**EXERCISE INSTRUCTIONS**
Pick out each line in these entries that contains the string "Compression".

Extracted data entries:
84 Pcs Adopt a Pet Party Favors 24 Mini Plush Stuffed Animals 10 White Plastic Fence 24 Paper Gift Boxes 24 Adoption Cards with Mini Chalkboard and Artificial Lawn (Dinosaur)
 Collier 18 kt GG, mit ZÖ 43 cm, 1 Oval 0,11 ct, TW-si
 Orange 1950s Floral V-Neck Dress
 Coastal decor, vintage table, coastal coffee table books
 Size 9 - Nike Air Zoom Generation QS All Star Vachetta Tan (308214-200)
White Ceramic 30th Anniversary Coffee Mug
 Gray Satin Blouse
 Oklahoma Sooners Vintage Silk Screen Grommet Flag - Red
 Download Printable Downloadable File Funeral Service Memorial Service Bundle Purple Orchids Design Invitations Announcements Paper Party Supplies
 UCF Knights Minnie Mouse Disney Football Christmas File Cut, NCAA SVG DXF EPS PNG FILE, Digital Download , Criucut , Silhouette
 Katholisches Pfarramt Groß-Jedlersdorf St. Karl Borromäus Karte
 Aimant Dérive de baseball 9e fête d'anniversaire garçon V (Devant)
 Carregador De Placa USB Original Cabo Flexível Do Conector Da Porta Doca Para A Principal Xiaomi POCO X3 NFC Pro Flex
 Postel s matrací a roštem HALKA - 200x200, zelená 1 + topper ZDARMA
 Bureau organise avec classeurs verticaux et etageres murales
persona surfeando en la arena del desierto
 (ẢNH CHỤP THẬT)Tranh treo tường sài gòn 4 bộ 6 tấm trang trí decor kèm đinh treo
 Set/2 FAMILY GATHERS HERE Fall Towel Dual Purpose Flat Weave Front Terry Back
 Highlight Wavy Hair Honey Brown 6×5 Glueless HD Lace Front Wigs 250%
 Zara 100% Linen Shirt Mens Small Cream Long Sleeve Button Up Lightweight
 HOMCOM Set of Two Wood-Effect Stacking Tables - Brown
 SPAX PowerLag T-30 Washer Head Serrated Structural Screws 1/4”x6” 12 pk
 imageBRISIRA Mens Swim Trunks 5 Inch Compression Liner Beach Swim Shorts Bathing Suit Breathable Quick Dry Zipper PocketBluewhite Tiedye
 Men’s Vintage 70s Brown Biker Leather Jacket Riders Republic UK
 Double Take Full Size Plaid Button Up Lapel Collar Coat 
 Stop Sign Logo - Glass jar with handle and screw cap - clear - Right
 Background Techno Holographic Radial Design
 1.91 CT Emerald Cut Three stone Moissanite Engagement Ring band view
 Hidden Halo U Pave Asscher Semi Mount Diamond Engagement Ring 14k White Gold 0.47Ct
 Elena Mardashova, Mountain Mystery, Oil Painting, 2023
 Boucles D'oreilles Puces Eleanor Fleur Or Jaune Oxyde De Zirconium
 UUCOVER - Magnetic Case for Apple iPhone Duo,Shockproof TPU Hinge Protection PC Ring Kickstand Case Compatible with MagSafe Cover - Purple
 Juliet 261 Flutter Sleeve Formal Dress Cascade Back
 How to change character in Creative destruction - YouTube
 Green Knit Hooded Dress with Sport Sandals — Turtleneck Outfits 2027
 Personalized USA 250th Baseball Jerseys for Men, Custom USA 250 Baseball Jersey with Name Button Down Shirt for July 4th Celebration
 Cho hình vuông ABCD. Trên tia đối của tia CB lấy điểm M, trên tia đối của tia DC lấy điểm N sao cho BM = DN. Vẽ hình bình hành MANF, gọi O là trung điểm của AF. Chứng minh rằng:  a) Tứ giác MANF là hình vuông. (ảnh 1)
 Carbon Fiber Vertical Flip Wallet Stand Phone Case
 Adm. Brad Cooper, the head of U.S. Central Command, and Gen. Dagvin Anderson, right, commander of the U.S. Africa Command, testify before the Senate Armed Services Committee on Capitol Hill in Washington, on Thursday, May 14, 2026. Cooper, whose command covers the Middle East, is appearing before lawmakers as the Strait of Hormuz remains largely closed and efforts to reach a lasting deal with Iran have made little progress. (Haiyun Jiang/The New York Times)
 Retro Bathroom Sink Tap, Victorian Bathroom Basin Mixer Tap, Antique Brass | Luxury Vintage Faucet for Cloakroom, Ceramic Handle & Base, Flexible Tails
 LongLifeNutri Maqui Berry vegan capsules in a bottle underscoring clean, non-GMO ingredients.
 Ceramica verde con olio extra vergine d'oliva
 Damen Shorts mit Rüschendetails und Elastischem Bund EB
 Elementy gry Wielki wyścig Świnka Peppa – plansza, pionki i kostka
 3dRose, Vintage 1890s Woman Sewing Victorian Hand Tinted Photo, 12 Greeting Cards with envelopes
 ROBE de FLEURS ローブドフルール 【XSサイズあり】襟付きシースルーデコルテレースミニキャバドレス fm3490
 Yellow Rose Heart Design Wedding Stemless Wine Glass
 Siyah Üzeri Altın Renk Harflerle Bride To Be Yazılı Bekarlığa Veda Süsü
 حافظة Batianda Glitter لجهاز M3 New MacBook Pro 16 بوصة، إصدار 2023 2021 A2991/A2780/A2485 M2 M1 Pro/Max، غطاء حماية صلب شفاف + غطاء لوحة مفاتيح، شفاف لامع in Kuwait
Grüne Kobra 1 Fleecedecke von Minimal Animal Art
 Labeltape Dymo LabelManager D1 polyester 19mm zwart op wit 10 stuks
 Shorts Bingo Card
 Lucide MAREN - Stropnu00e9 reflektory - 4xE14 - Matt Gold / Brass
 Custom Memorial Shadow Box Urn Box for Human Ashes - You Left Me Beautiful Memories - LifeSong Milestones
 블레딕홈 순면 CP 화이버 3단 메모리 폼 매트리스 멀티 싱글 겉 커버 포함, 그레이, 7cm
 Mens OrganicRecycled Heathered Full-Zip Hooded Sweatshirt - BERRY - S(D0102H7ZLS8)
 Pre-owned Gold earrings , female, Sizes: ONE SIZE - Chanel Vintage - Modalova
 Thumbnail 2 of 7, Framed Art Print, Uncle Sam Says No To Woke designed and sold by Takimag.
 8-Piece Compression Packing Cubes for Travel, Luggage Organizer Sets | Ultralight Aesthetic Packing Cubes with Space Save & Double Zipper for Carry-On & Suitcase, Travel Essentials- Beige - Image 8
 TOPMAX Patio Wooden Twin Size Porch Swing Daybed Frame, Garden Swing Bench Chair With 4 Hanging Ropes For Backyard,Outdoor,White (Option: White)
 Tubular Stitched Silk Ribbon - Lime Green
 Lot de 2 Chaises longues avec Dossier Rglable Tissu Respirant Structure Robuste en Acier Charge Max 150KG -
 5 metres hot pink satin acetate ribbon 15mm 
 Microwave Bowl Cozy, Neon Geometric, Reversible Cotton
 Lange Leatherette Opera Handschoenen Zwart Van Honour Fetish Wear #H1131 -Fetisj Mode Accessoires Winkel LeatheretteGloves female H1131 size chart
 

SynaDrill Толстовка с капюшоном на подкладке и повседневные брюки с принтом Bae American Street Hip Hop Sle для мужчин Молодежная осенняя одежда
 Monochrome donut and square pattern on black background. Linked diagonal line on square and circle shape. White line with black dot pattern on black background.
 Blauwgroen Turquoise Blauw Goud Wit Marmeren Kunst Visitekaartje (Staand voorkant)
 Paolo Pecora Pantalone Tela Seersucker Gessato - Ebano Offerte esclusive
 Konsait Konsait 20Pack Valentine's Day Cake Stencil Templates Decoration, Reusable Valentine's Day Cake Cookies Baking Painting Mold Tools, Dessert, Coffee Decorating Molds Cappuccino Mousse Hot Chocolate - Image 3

**ANSWER BOX**
 imageBRISIRA Mens Swim Trunks 5 Inch Compression Liner Beach Swim Shorts Bathing Suit Breathable Quick Dry Zipper PocketBluewhite Tiedye
 8-Piece Compression Packing Cubes for Travel, Luggage Organizer Sets | Ultralight Aesthetic Packing Cubes with Space Save & Double Zipper for Carry-On & Suitcase, Travel Essentials- Beige - Image 8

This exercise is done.